━━━━━ Provided material

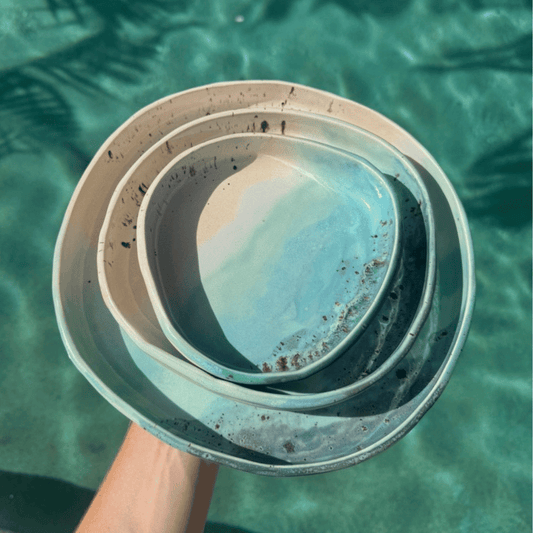 Stack of nesting ceramic blates held over a pool with clear water. Sunshine Pot-Tree, Sunshine Coast Queensland Australia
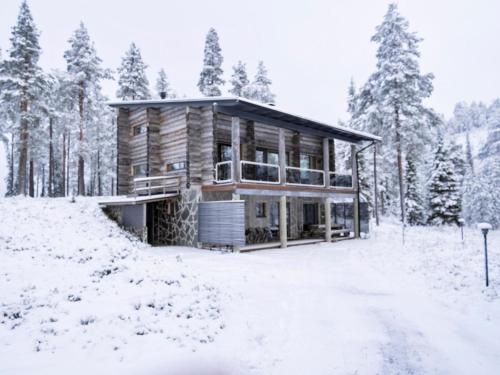 a log cabin in the snow with trees at Holiday Home Leija by Interhome in Ruka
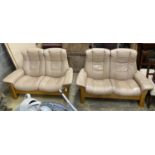 A pair of Norwegian Ekornes Stressless reclining two-seat settees with leather upholstery, length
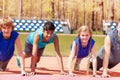 Happy teens doing push-up exercises on the track Royalty Free Stock Photo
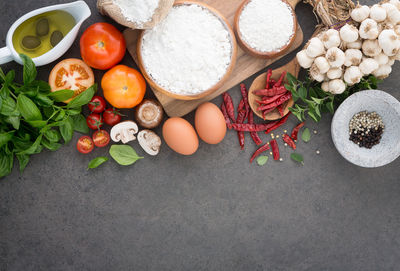 High angle view of fruits and vegetables on cutting board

━━━━━━━━━━

▸ **Action item**: The expected output is every entry above, character for character, with no pictures.

▸ **Solution below**:
 Stack of nesting ceramic blates held over a pool with clear water. Sunshine Pot-Tree, Sunshine Coast Queensland Australia
 a log cabin in the snow with trees at Holiday Home Leija by Interhome in Ruka
 A pair of Norwegian Ekornes Stressless reclining two-seat settees with leather upholstery, length
 Happy teens doing push-up exercises on the track Royalty Free Stock Photo
 High angle view of fruits and vegetables on cutting board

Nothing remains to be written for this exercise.